Treasury Board President Stockwell Day is eliminating 245 positions from government boards and agencies.
He announced the cuts today, which result from a study of 2,700 positions in more than 200 federal organizations across 24 ministerial portfolios.
All of them are Governor in Council positions - the people in these jobs are appointed by the Governor-General with the advice of the Prime Minister and his cabinet. In some cases they are patronage appointments.
Mr. Day said the size of agencies and boards will be reduced but service to the public will not.
"We have looked at these in each and every case to make sure that efficiency and service to the public is not affected negatively in any way. We have determined that is the case," Mr. Day said.
"This goes along with our overall approach of what we're doing in government to maximize our efficiencies," he said.
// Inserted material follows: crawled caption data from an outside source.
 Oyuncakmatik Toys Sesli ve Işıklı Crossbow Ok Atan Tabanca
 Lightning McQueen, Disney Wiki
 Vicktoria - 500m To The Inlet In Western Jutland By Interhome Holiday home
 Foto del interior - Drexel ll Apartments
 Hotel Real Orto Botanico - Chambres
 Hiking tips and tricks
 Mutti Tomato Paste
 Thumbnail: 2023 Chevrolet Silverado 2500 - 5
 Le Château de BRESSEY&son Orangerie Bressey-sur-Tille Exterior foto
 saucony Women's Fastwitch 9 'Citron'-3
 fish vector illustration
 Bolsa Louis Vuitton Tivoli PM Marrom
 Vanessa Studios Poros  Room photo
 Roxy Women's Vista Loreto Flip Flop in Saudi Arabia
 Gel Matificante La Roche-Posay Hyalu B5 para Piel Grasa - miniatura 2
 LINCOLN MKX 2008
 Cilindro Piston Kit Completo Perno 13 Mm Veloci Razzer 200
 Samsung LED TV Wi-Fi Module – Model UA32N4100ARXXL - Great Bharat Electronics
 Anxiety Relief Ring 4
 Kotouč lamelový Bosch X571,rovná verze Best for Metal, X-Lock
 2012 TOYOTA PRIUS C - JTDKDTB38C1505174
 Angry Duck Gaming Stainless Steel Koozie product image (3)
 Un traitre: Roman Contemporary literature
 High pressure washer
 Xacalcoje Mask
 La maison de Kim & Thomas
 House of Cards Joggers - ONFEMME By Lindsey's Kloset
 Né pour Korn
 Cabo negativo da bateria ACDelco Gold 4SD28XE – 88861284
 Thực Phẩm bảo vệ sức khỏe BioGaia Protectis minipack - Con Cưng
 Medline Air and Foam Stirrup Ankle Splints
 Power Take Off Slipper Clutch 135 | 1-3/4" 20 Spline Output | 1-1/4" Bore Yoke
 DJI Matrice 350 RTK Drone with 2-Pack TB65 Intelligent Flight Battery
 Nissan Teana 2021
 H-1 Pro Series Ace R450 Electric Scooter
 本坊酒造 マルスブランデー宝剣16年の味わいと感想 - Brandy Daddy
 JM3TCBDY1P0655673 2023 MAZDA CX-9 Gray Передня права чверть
In the majority of cases - close to 90 per cent - the positions had already been vacant as the Treasury Board conducted its review.
The move will save about $1.2-million and is part of the government's belt-tightening exercise as it tries to deal with a budget huge deficit.
A document released along with Mr. Day's announcement details the cuts, including 12 positions from the Canadian Council on the Status of the Artist and six positions from the Canadian Radio-television and Telecommunications Commission.
The Tories have been under fire for their treatment of arts and culture in Canada.
As well, the Canadian Race Relations Foundation and Investment Committee has lost 11 of its 24 GIC positions. And eight of 26 GIC positions at the National Roundtable on the Environment and Economy have been cut.
Mr. Day has been characterized as "Dr. No" in his new role of Treasury Board President. It is his job to say no to his cabinet colleagues who want to spend on new programs or staff.
NDP critic Pat Martin, meanwhile, said he expected more from Mr. Day.
"Today was a bit of a non-event," said Mr. Martin, adding that he and his colleagues are "girding our loins for a full attack on public service."
He believes that the government will use the economic crisis as a "smokescreen" to live out their "neo-conservative dream of downsizing government."